SINGAPORE - He was promised a free bumper for his car but what work safety and health officer Ariffin MD Rais got instead was a jail term for allowing his car to be used in a staged road accident.
On Thursday, the 46-year-old pleaded guilty to his involvement in a conspiracy to cheat NTUC Income Insurance Co-operative of $13,000 by submitting a fraudulent property damage claim to his vehicle.
He was jailed for 18 weeks for his role in the scam.
On July 27, 2009, a stranger had approached Ariffin in a coffee shop near Sembawang Road, after noticing Ariffin's car bumper was damaged.

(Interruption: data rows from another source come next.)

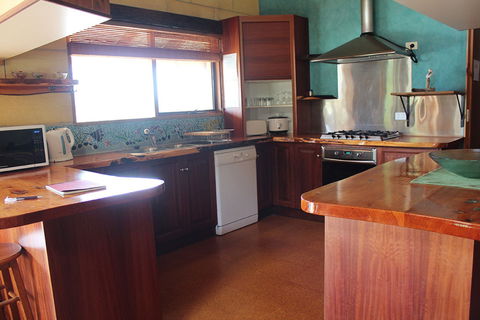 Eastern Reef Cottages - Whitsundays Tourism 2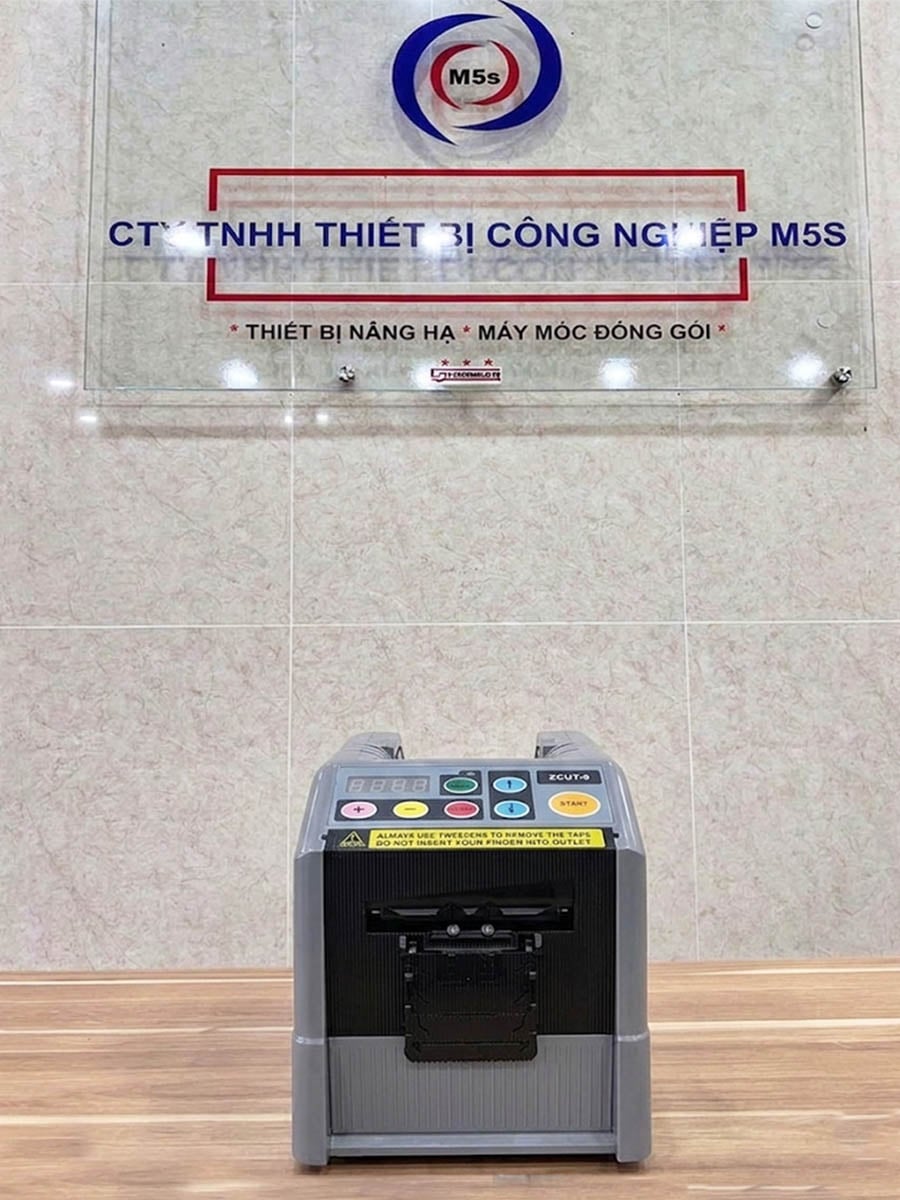 đặt máy cắt băng keo hai mặt ZCUT-9 ở bàn phẳng đặt máy cắt băng keo hai mặt ZCUT-9 ở bàn phẳng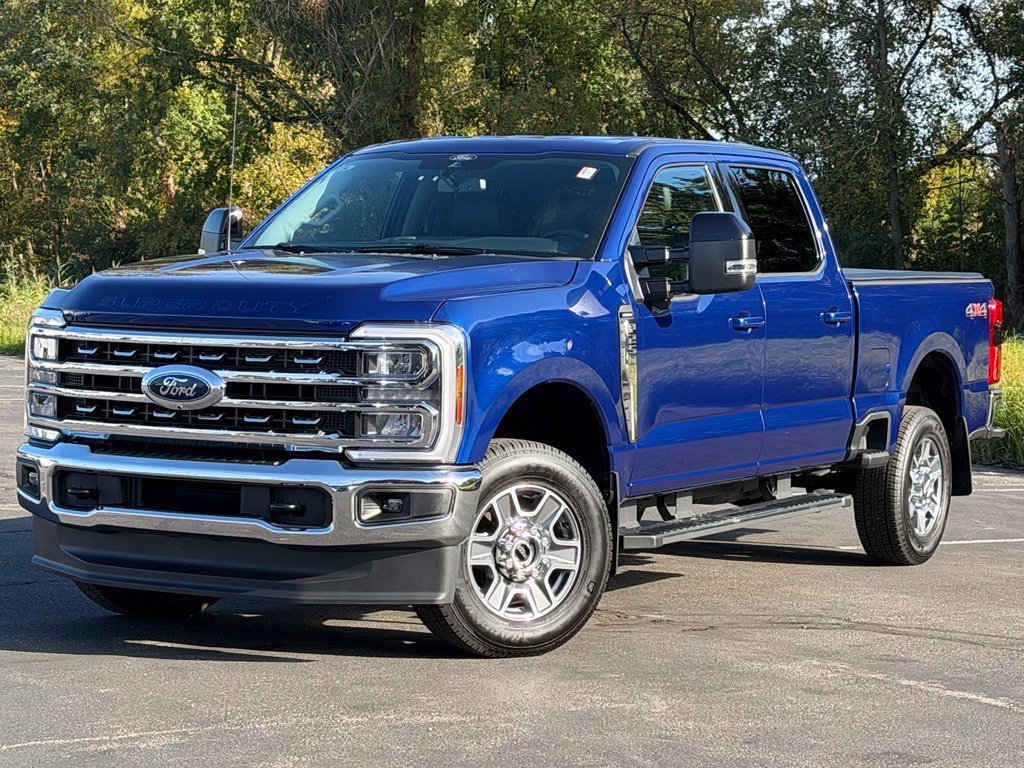 Used 2026 Ford F250 Lariat AWD/4WD image 2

The man named Bhai, offered to repair Ariffin's car for free if Arifin would allow his car to be used in a staged accident. Bhai, whose identity has not been established, also offered Ariffin cash if he would agree to make a personal injury claim.
Ariffin rejected the cash offer but greed got the better of him and he returned to the coffee shop later that evening to hand over his car to Bhai.

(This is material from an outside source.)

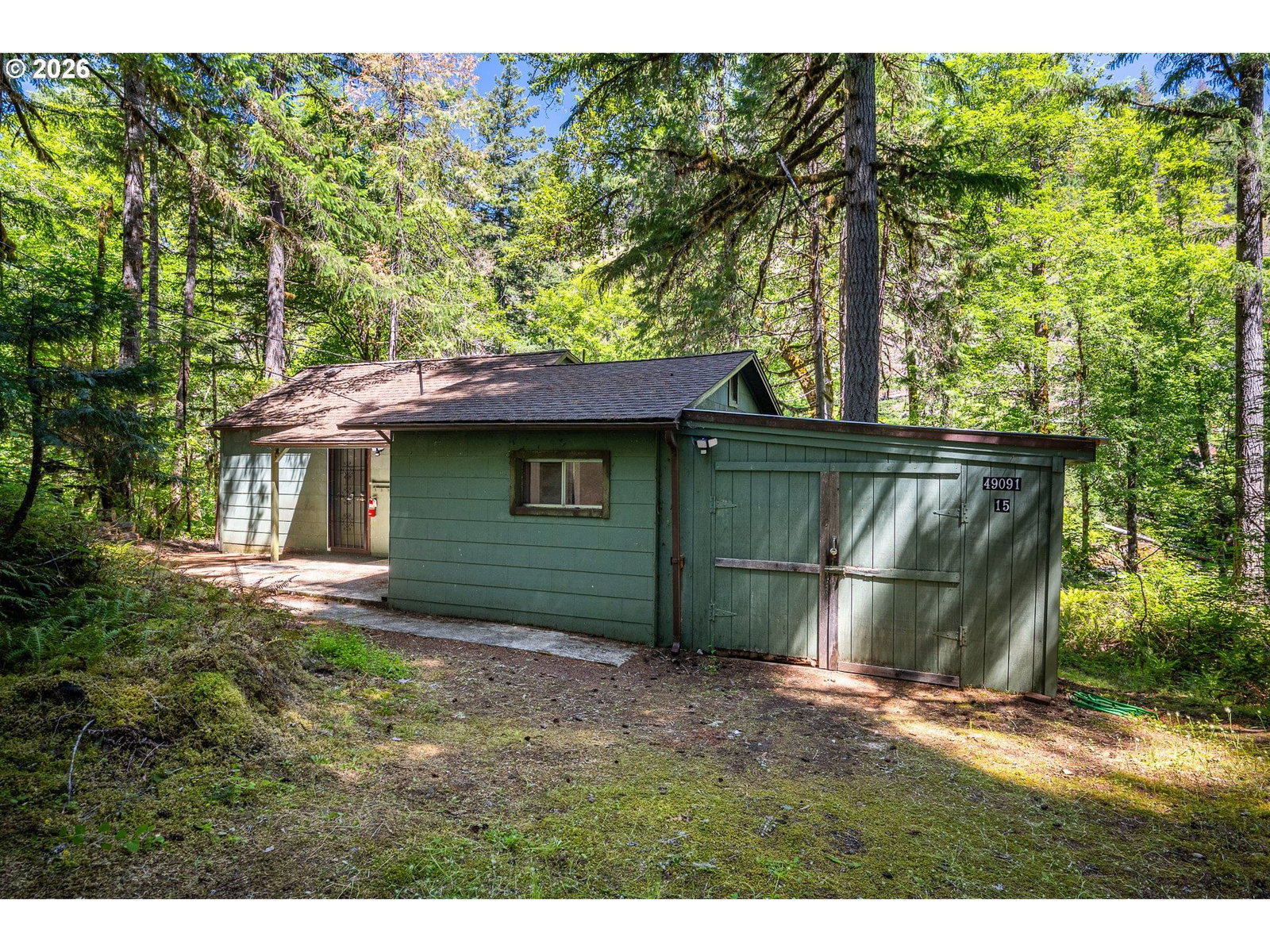 Listing photo 1 of 6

Ariffin's car was one of four vehicles involved in the accident along Sembawang Drive at about 11pm on July 27, 2009.
Various people were recruited in the scam to be "phantom drivers" and "phantom passengers". Their role was to falsely report that they were involved in the accident.
The fake passengers had an additional job - make fraudulent injury claims to insurers.
Ariffin is the fifth of nine people allegedly involved in the accident to be convicted.
Deputy Public Prosecutor Joshua Lai had sought a custodial sentence of at least five months, arguing that for cases of motor insurance fraud, deterrence is the predominant sentencing consideration.
DPP Lai said that such offences are difficult to detect and involve multiple layers of deception.
The accused's role in providing his vehicle for the staged accident makes him more culpable than a phantom driver or passenger who merely furnishes his particulars in the accident statement form, DPP Lai told the court.
But defence lawyer Michael Chia argued that Ariffin's role was a minor one in the scam, as he was a "mere pawn" and "far from being the controlling mind".
Mr Chia added that Ariffin did not receive any money from the scheme.
He had also, out of "genuine remorse", made a restitution of $8,000 to NTUC Income, which is more than the price of a new bumper.
In response, DPP Lai said that if Ariffin had accepted cash, that would have led to more charges.
In his sentencing, District Judge Shawn Ho agreed with the prosecution that Ariffin's culpability is higher than co-accused persons who are phantom drivers and passengers.
The 18 weeks of imprisonment for Ariffin is the longest sentence among the five convicted, who had been served with jail terms of between six weeks and four months.